Figure 1: Microwave polarizer, made from an array of copper wires. The microwave transmitter is seen on the other side of the wires, the detector is on this side. When the wires are parallel to the transmitted electric field, no signal is detected. Rotate the wires 90 degrees, and the full signal is detected.
A polarizer for light can be constructed by imbedding long-chain molecules in a flexible plastic sheet, and then stretching the sheet so that the molecules are aligned parallel to each other. The molecules act like the wires in our copper wire array, but have a spacing of the order of the wavelength of light.
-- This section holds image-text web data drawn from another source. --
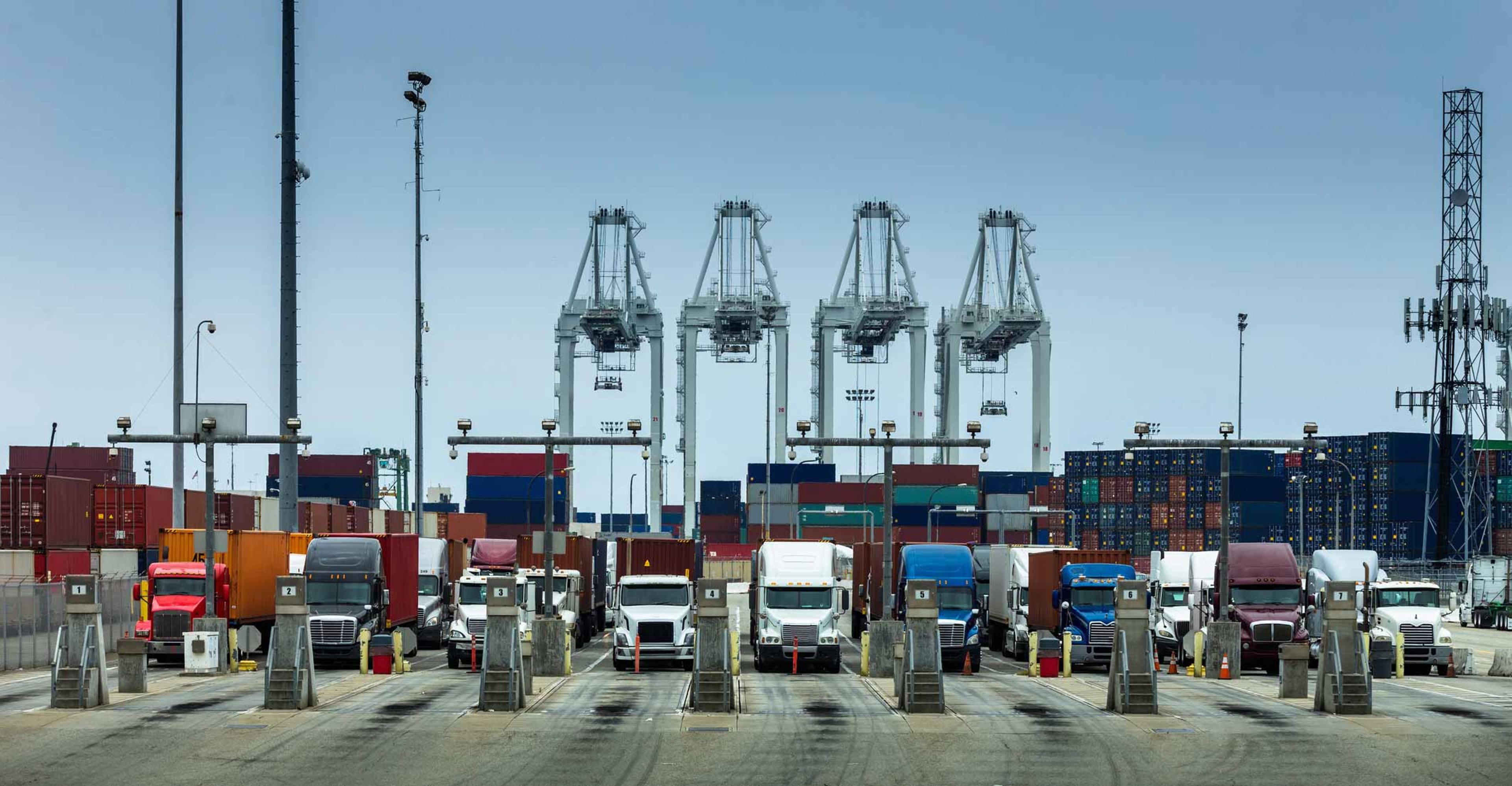 Containers being loaded on trucks at a port.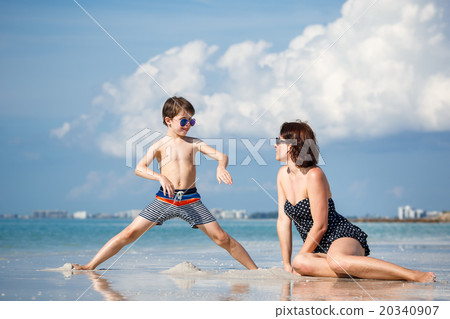Mother and son on tropical beach in Florida 20340907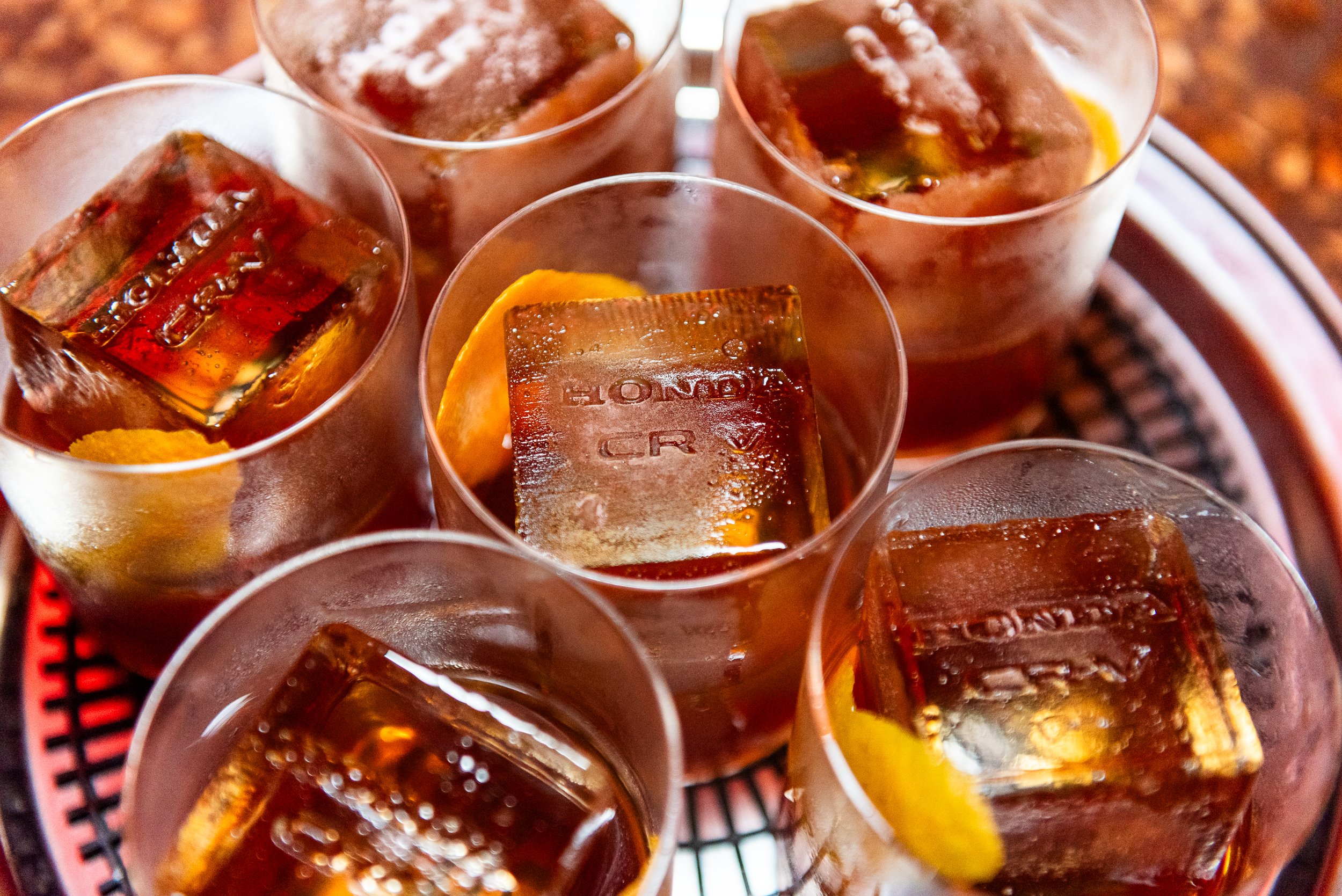 Several glasses of dark-colored beverage with ice cubes and lemon slices on a red tray.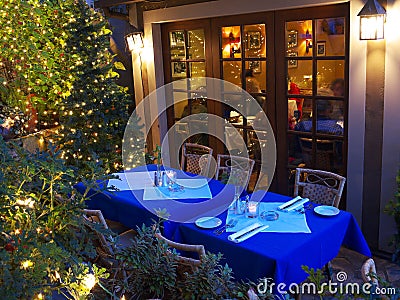 Restaurant tables in Christmas lighting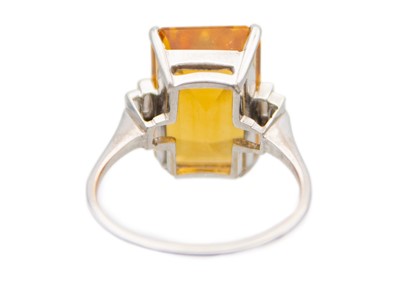 Lot 105 - An orange citrine and diamonds 18k white gold dress ring.
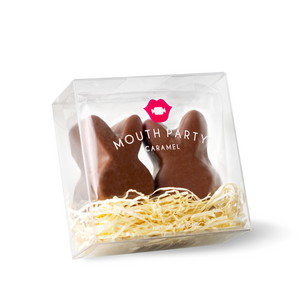 two chocolate covered caramel bunnies in a gift box with Easter grass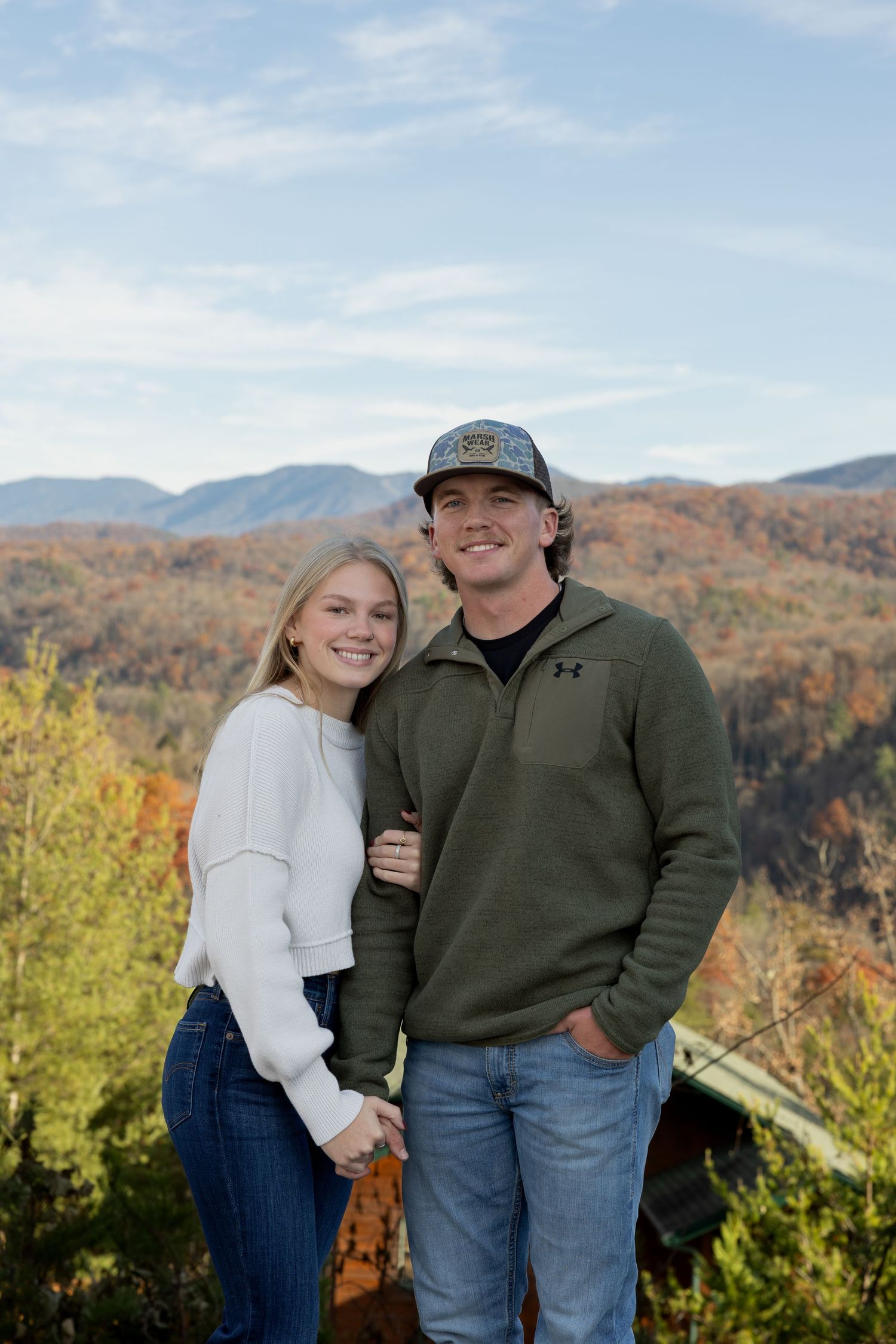 Couple embraces while standing on overlook with fall mountain landscape behind them.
As a result the molecules block light waves whose electric field is parallel to them, while allowing waves with a perpendicular electric field to pass. (The commercial name for such a sheet of plastic is Polaroid.)

Since light from the sun or from standard electric light bulbs consists of many randomly polarized waves, a single sheet of Polaroid removes half of the waves no matter how we orient the Polaroid (as long as the sheet of Polaroid is perpendicular to the direction of motion of the light beam). But once the light has gone through one sheet of Polaroid, all the surviving light waves have the same polarization. If we place a second sheet of Polaroid over the first, all the light will be absorbed if the long molecules in the second sheet are perpendicular to the long molecules in the first sheet. If the long molecules in the second sheet are parallel to those in the first, most of the waves that make it through the first, make it through the second also. This effect is seen clearly in Figure (2).

Figure 2: Light polarizers. Two sheets of polaroid are placed on top of a drawing. On the left, the axes of the sheets are parallel, so that nearly half the light passes through. On the right, the axes are perpendicular, so that no light passes through. (Photo from Halliday & Resnick)